- EXERCISE PROMPT:
Without the pictures, set down every line of the data exactly.

- THE DATA:
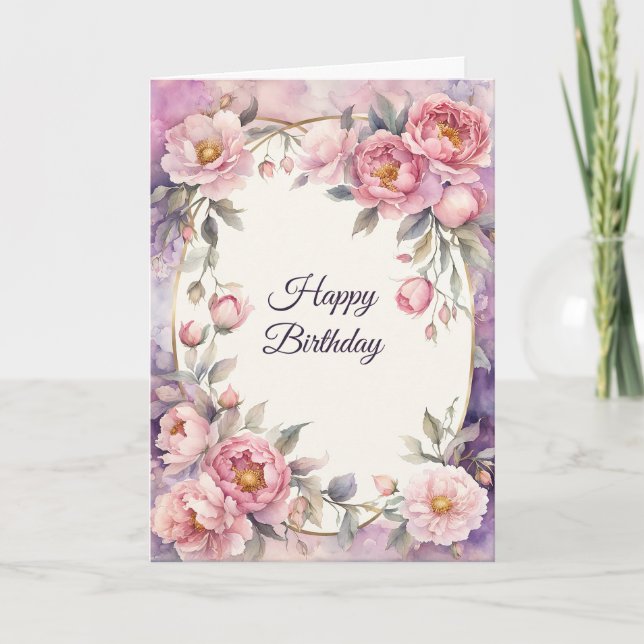 Chic Rosa Peony Oval Ram Birthday Kort (Framsida)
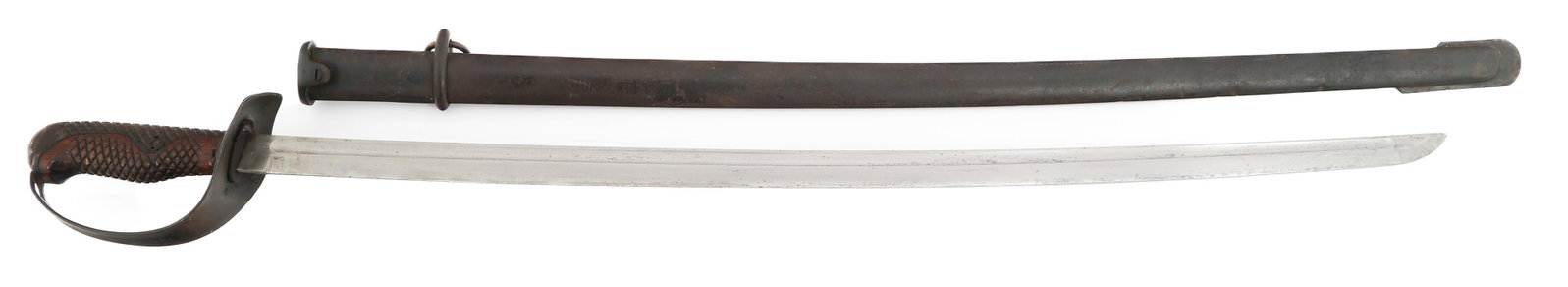 IMPERIAL JAPANESE TYPE 32 CAVALRY TROOPER SWORD: IMPERIAL JAPANESE TYPE 32 CAVALRY TROOPER SWORD Imperial Japanese Type 32 Cavalry Trooper Sword. Single edged, bright blade with fuller. Serial number stamped on one side of the ricasso. Leather buffe
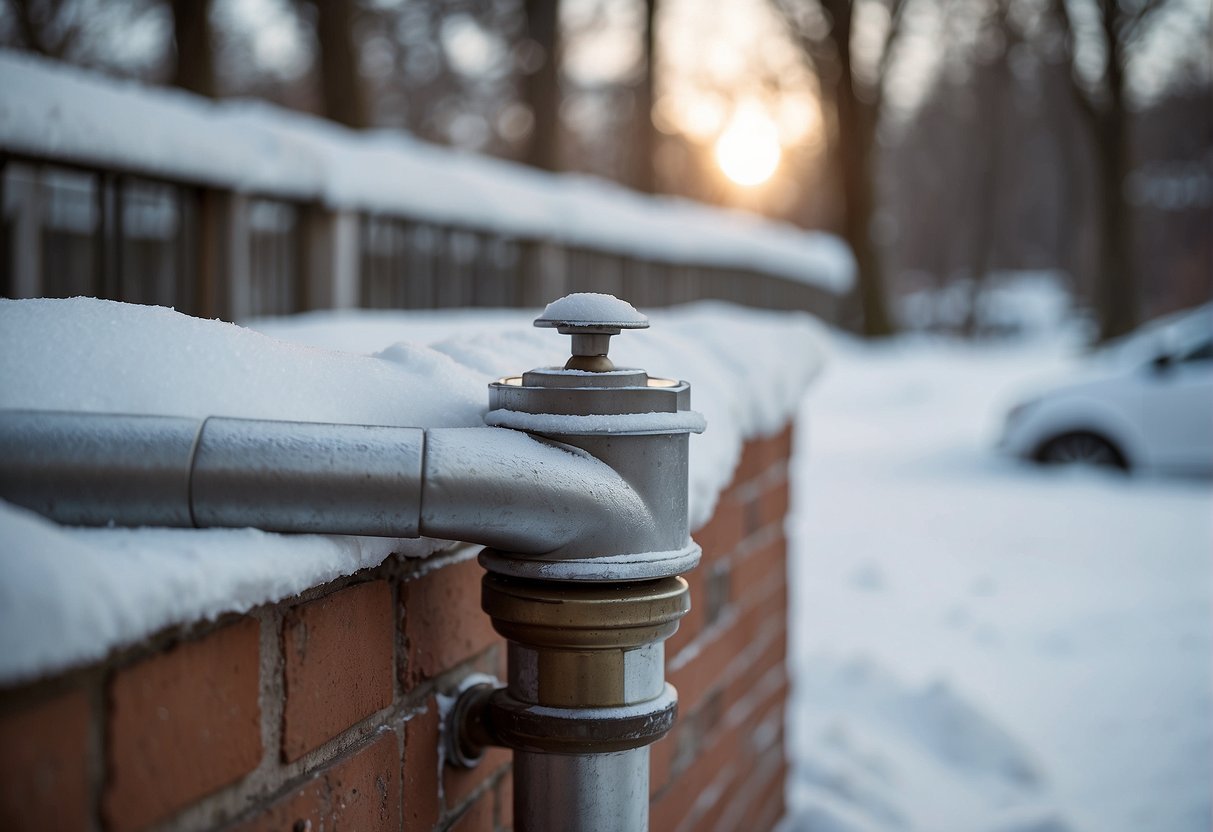 A faucet cover is placed over the outdoor faucet, with insulation wrapped around the pipe to prevent freezing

- RESULT:
 Chic Rosa Peony Oval Ram Birthday Kort (Framsida)
 IMPERIAL JAPANESE TYPE 32 CAVALRY TROOPER SWORD: IMPERIAL JAPANESE TYPE 32 CAVALRY TROOPER SWORD Imperial Japanese Type 32 Cavalry Trooper Sword. Single edged, bright blade with fuller. Serial number stamped on one side of the ricasso. Leather buffe
 A faucet cover is placed over the outdoor faucet, with insulation wrapped around the pipe to prevent freezing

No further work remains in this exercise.